Perhaps the most prominent deep-time undertaking, supported by a $42 million donation from Amazon billionaire Jeff Bezos, is the Clock of the Long Now. Constructed inside a limestone mountain near Van Horn, Texas, and standing hundreds of feet tall, it is designed to tick for 10,000 years.

Keats partnered with the Nevada Museum of Art to create a biological counterpart to the mechanical clock, using one of the longest living tree species. A grove of bristlecone pine, which can live up to 5,000 years, just happened to be on land in eastern Nevada owned by the Long Now Foundation, the San Francisco nonprofit behind the clock. Keats’s idea – a calendar – would surround pine trees with double spirals of stone pillars marking the expected girth of each tree as it grows over 100 years, 500 years, 1,000 years. As carbon dioxide concentrations and other climatic factors fluctuate, the growth of the trees would fall out of step with the solar year, serving as a physical measurement of environmental changes.

Long-term thinking, says Alexander Rose, executive director of the Long Now Foundation and the 10,000-year clock’s project manager, can inspire confidence. “Imagine somebody asked you to solve climate change in just a few years, you would just think they’re crazy,” he says. “But if someone asked you to imagine how you might solve climate change in two or three or four hundred years, you could imagine how you might get started on a project like that. So by giving yourself that time frame, it makes these kinds of intractable problems tractable.”

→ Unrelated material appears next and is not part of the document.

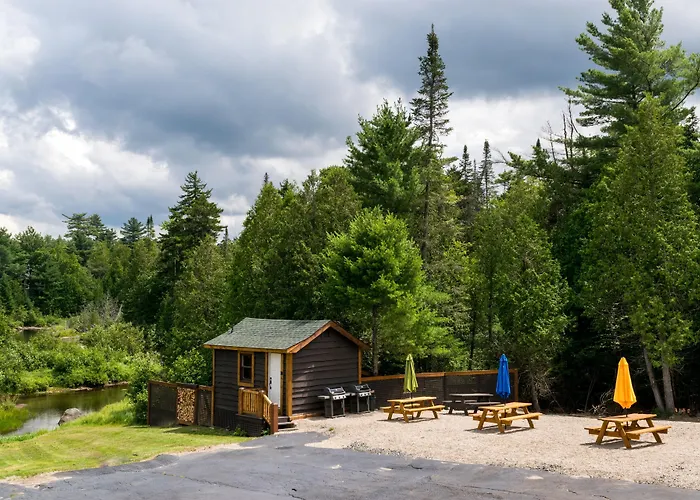 Lake Placid Inn: Residences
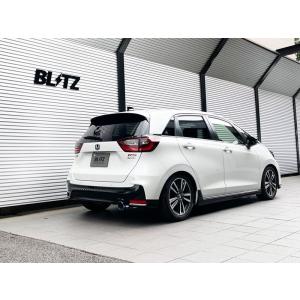 BLITZ NUR-SPEC カスタムエディション GR3 LEB 2WD フィットRS ホンダ ス...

Fostering long-term thinking requires overcoming people’s natural tendency to think on shorter time horizons.

“Human scales, they’re days, weeks, sometimes months,” says Andrew White, a quantum physicist at the University of Queensland in Brisbane, Australia. “We’re not really comfortable thinking of years.”

Professor White is the custodian of what Guinness World Records calls the “world’s longest continuously running laboratory experiment,” although he insists it is not an experiment but a demonstration.

Started in 1927, the Pitch Drop Experiment consists of a funnel full of pitch, a derivative of tar that looks like black concrete, mounted above a beaker. Pitch is more than 100 billion times as viscous as water, so it takes about a decade for each drip to form and fall into the beaker. The ninth drop broke away in 2014, and now a live webfeed monitors the demonstration.

“In there you can see the drop that dropped before you were born, and the drop that dropped before your parents were born,” says White. “It’s slower than continental drift.”

“Anything that raises awareness of timescale,” says White, “I’m very much in favor of.”